DE PÉKIN À PARIS[2],
orsqu’en
1875 je
quittai Pékin
pour la première
fois après un
séjour de plus
de six années
consécutives
dans l’Extrême-Orient,
ma curiosité
était déjà
excitée par cet
immense empire
des Tsars
sur lequel on
savait si peu, du moins
en ce qui concernait la
parie est des monts Ourals.
Ces courses folles, au
galop de trois ou quatre chevaux
emportés, à travers steppes,
forêts, montagnes, sur
des routes à peine tracées et où les œuvres d’art consistent
en quelques troncs d’arbres jetés en travers d’un
torrent, les loups, les brigands et même les privations,
tout cela m’attirait invinciblement.
La Faculté vint se mettre en travers de mes aspirations vagabondes.
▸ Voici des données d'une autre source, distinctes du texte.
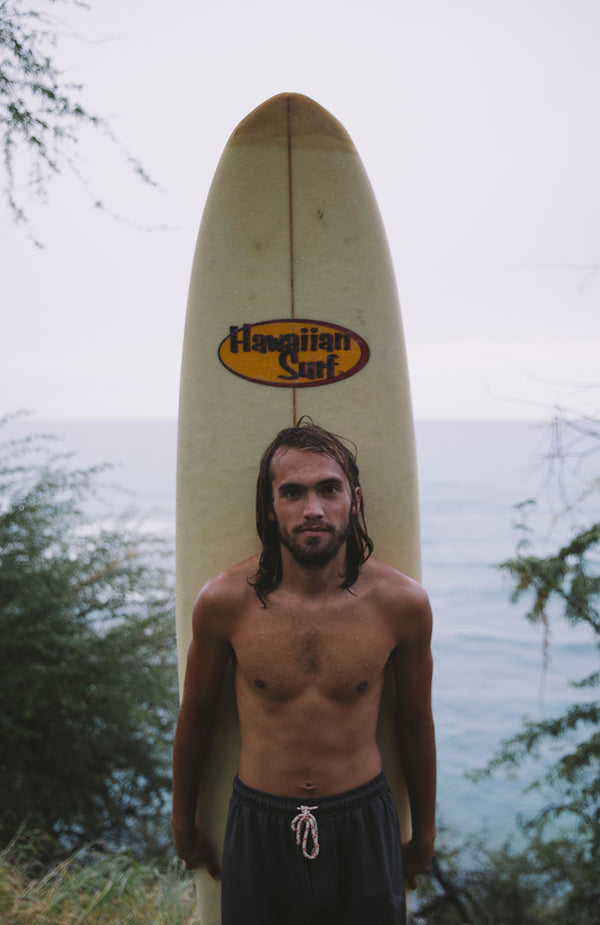 A surfer posing with his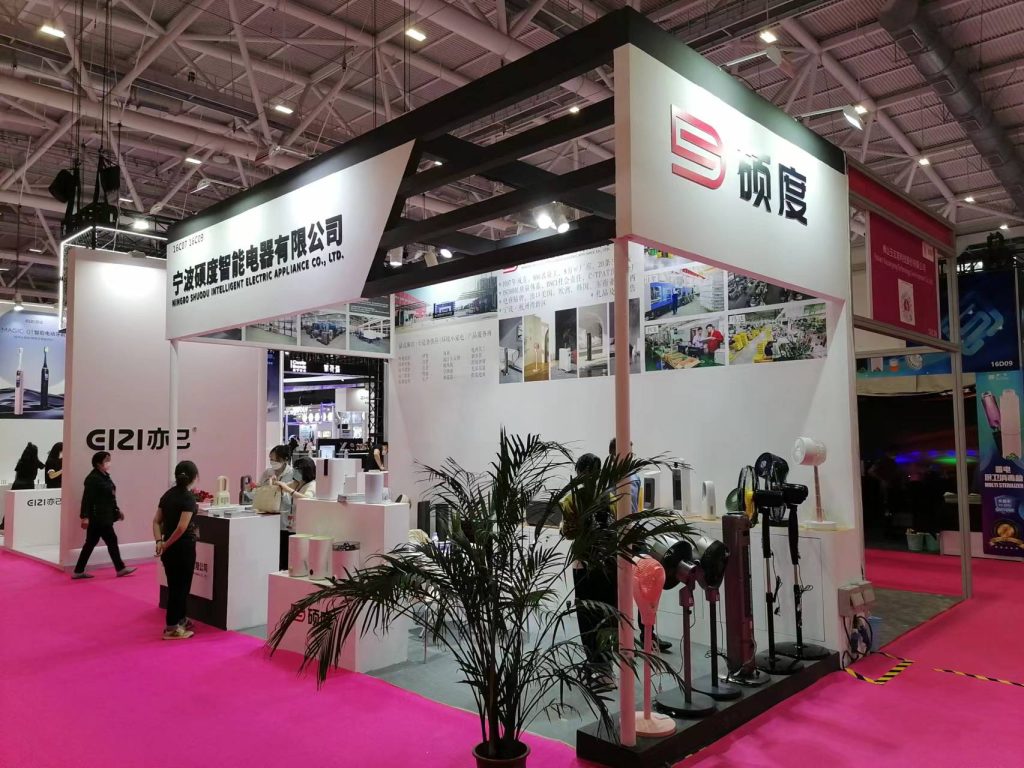 Exhibition booth at a trade show, with attendees, various household appliances on display, and a large potted plant on a pink carpeted floor.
Je souffrais de terribles accès d’une lièvre contractée, probablement en 1869 en Cochinchine, à l’époque où notre belle colonie, si salubre maintenant, était un foyer perpétuel de toutes les épidémies. Non seulement le voyage par la Sibérie me fut interdit, mais même celui par le Japon et les États-Unis. Je cédai, tout en me promettant bien de suivre ces deux itinéraires plus tard, et je partis mélancoliquement par Suez. En 1882, avec ma femme alors, je traversai le Japon et le nord des États-Unis pour rentrer également en France.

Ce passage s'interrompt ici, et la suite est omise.